**Task description**:
Word for word, restate the records that come after this.

(Data listing)

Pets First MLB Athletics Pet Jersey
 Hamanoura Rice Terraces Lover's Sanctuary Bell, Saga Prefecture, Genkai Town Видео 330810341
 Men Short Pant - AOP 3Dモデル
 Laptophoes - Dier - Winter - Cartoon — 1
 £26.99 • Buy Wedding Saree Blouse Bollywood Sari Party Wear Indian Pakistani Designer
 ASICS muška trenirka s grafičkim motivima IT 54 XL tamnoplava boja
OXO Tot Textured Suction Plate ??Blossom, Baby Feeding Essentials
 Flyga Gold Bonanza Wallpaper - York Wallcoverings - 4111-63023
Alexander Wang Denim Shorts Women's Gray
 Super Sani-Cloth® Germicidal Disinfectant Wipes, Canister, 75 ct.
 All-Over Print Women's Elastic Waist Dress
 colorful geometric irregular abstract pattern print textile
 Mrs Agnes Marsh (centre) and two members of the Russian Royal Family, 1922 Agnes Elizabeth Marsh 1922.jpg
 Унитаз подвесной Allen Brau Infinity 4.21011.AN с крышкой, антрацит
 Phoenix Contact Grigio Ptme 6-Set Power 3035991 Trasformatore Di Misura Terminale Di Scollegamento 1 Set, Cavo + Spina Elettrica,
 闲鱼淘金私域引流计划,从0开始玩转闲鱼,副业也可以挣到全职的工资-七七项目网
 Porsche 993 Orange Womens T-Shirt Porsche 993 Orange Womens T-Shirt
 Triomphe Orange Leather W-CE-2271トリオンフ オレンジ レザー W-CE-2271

(End Data listing)

**Exercise result**:
Pets First MLB Athletics Pet Jersey
 Hamanoura Rice Terraces Lover's Sanctuary Bell, Saga Prefecture, Genkai Town Видео 330810341
 Men Short Pant - AOP 3Dモデル
 Laptophoes - Dier - Winter - Cartoon — 1
 £26.99 • Buy Wedding Saree Blouse Bollywood Sari Party Wear Indian Pakistani Designer
 ASICS muška trenirka s grafičkim motivima IT 54 XL tamnoplava boja
OXO Tot Textured Suction Plate ??Blossom, Baby Feeding Essentials
 Flyga Gold Bonanza Wallpaper - York Wallcoverings - 4111-63023
Alexander Wang Denim Shorts Women's Gray
 Super Sani-Cloth® Germicidal Disinfectant Wipes, Canister, 75 ct.
 All-Over Print Women's Elastic Waist Dress
 colorful geometric irregular abstract pattern print textile
 Mrs Agnes Marsh (centre) and two members of the Russian Royal Family, 1922 Agnes Elizabeth Marsh 1922.jpg
 Унитаз подвесной Allen Brau Infinity 4.21011.AN с крышкой, антрацит
 Phoenix Contact Grigio Ptme 6-Set Power 3035991 Trasformatore Di Misura Terminale Di Scollegamento 1 Set, Cavo + Spina Elettrica,
 闲鱼淘金私域引流计划,从0开始玩转闲鱼,副业也可以挣到全职的工资-七七项目网
 Porsche 993 Orange Womens T-Shirt Porsche 993 Orange Womens T-Shirt
 Triomphe Orange Leather W-CE-2271トリオンフ オレンジ レザー W-CE-2271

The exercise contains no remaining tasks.